▶ [What needs to be done] In the records below, find the line with "Thanks for watching" and repeat exactly every line from it through the line with "The file access". Pictures stay out.

▶ [Input material]
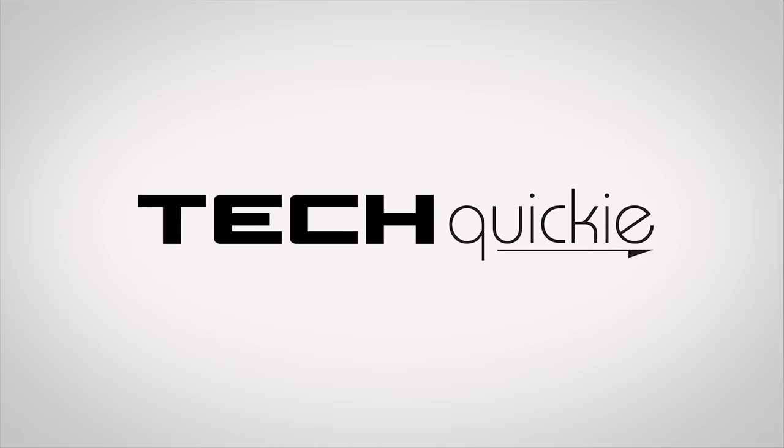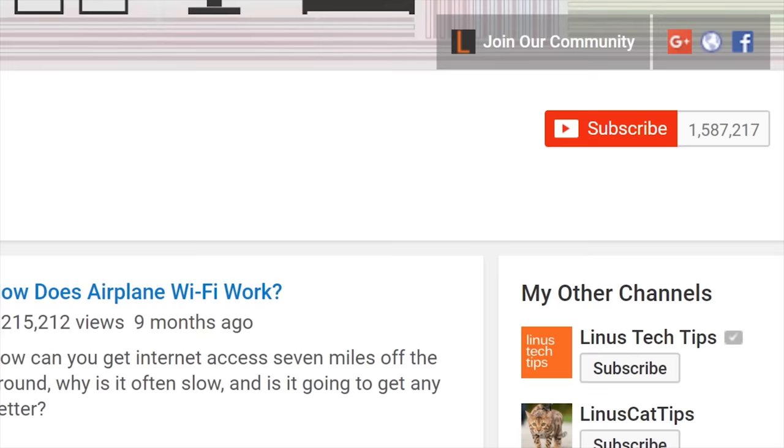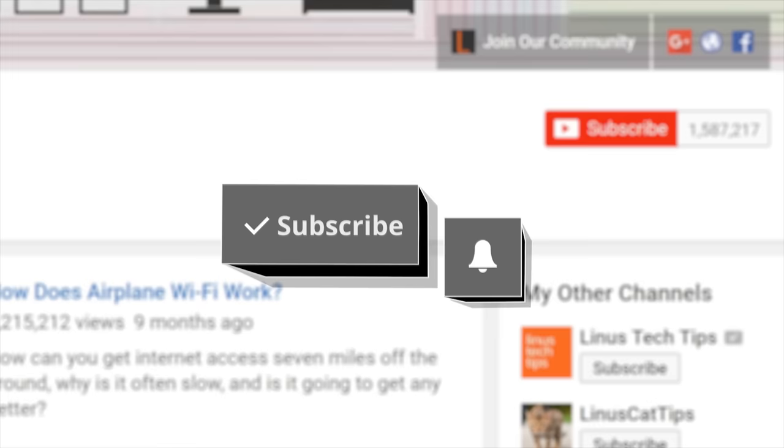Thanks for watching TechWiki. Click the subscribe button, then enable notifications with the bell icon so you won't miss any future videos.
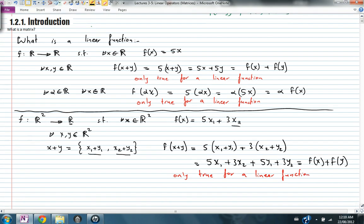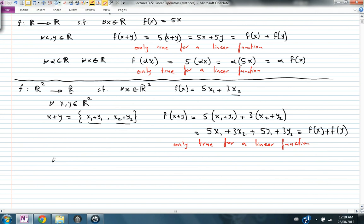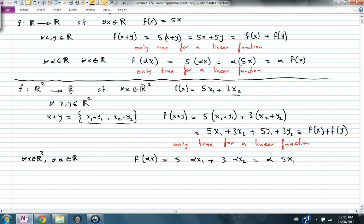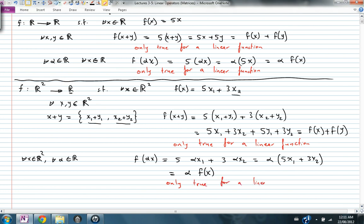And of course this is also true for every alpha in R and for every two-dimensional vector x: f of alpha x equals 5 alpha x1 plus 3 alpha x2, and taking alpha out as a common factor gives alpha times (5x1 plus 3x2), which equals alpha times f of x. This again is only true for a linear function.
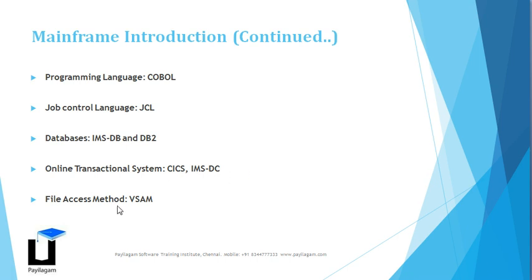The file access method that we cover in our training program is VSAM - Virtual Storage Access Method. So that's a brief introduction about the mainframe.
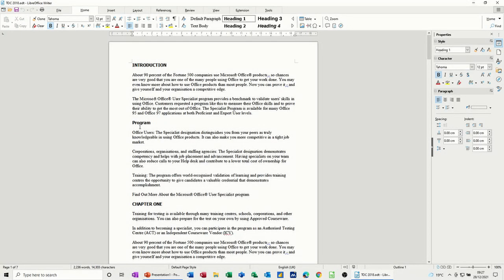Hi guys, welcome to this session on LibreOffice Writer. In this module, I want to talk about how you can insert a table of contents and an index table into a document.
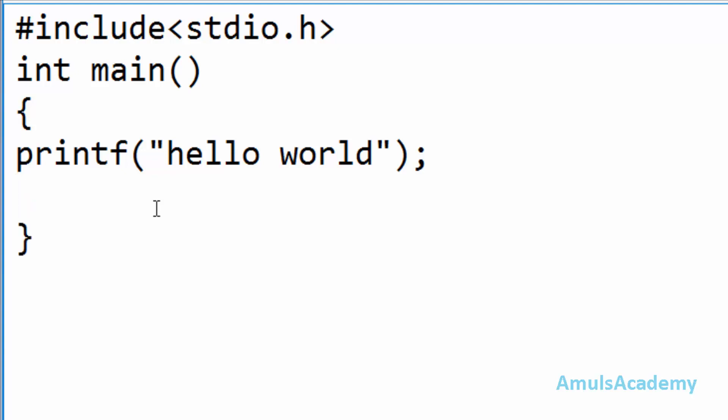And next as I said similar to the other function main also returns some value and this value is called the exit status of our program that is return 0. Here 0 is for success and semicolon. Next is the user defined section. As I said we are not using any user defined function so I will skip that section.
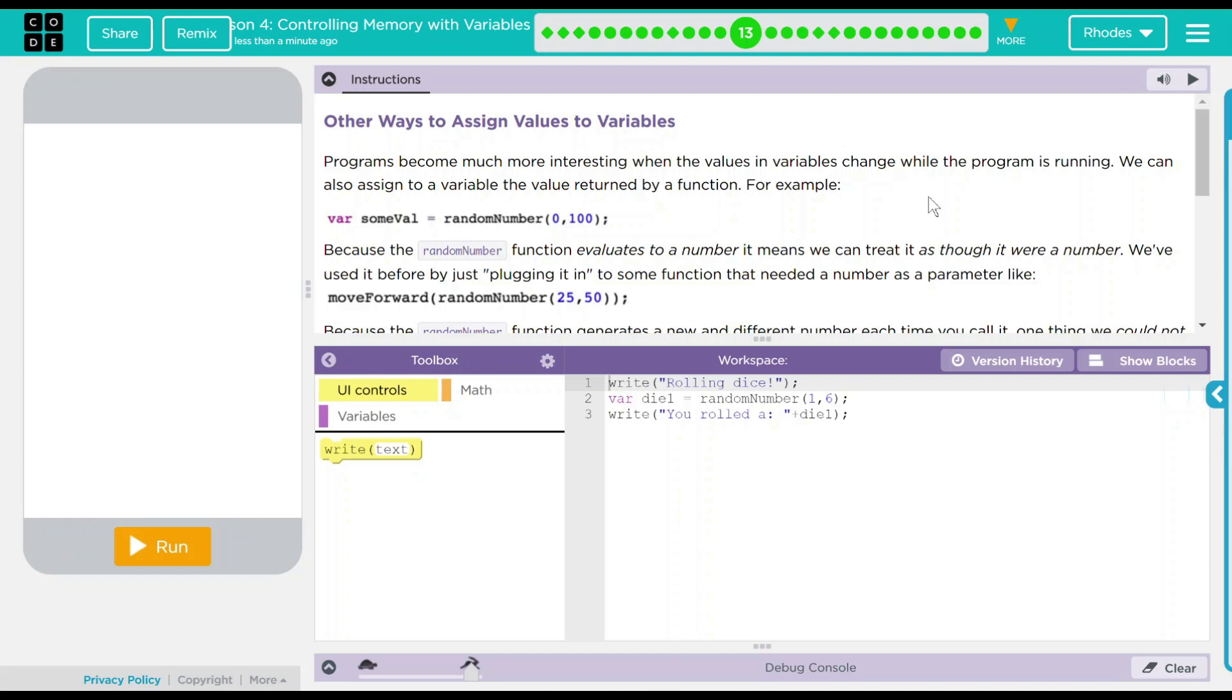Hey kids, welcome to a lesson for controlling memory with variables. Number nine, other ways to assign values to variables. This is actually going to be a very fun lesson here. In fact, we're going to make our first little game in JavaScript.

* * *

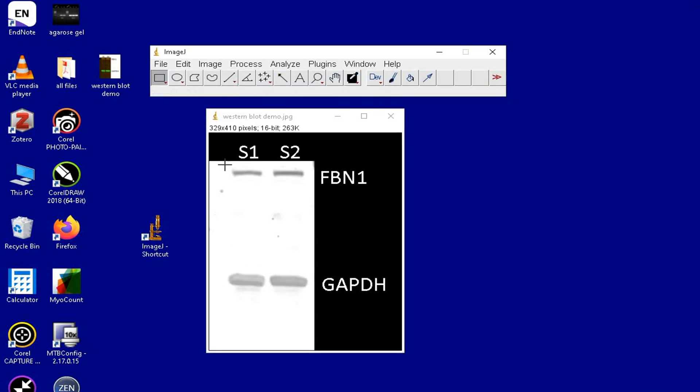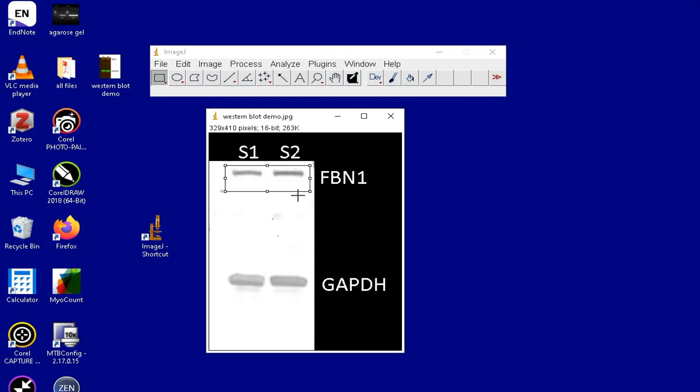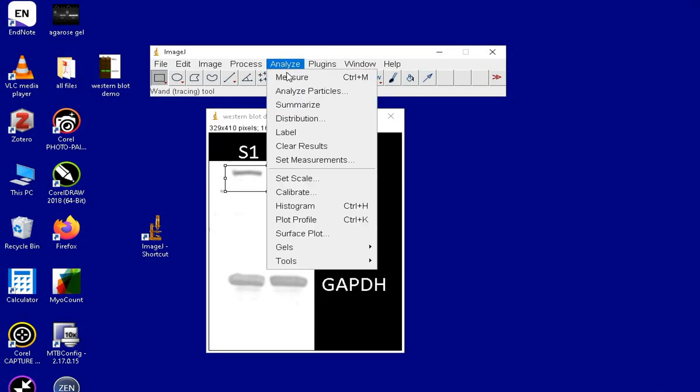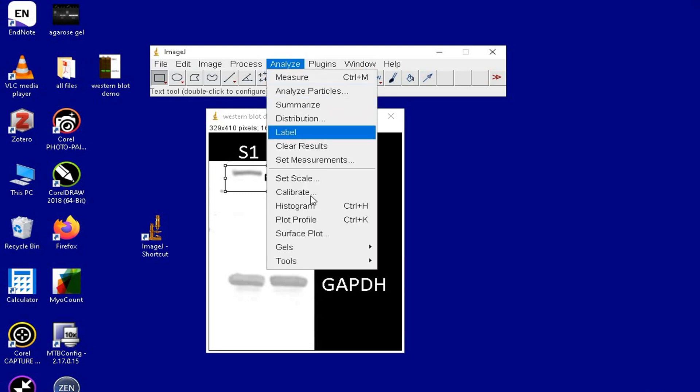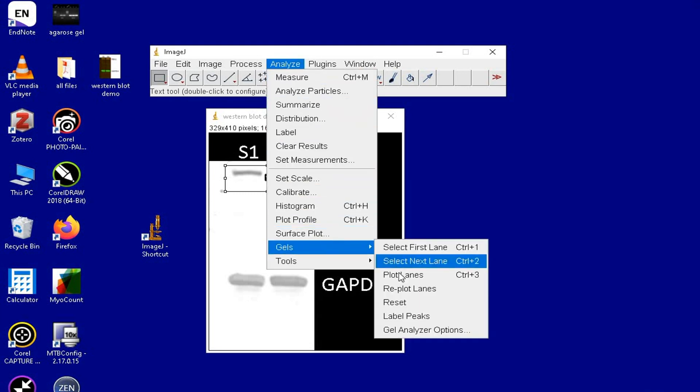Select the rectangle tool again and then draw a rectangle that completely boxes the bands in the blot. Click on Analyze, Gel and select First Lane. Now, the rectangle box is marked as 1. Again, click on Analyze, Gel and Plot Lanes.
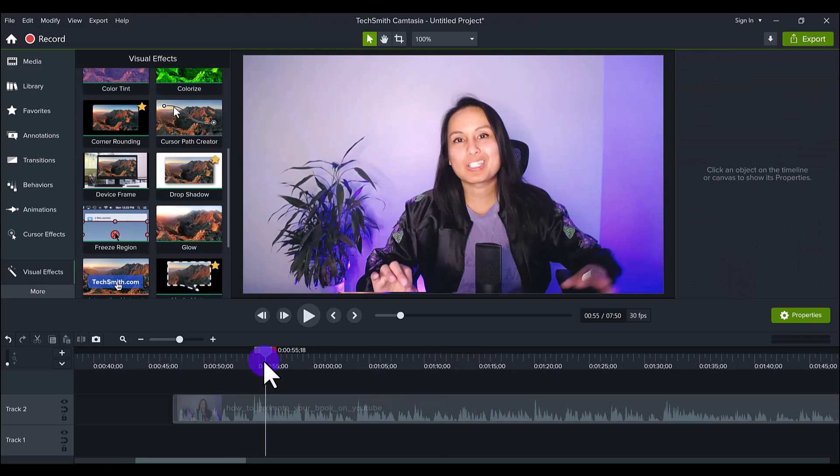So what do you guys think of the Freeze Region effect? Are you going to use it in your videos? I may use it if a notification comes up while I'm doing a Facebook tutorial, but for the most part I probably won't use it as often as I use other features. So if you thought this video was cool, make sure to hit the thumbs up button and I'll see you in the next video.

▶ [Answer box]
Thanks for watching TechWiki. Click the subscribe button, then enable notifications with the bell icon so you won't miss any future videos.
And of course this is also true for every alpha in R and for every two-dimensional vector x: f of alpha x equals 5 alpha x1 plus 3 alpha x2, and taking alpha out as a common factor gives alpha times (5x1 plus 3x2), which equals alpha times f of x. This again is only true for a linear function.
The file access method that we cover in our training program is VSAM - Virtual Storage Access Method. So that's a brief introduction about the mainframe.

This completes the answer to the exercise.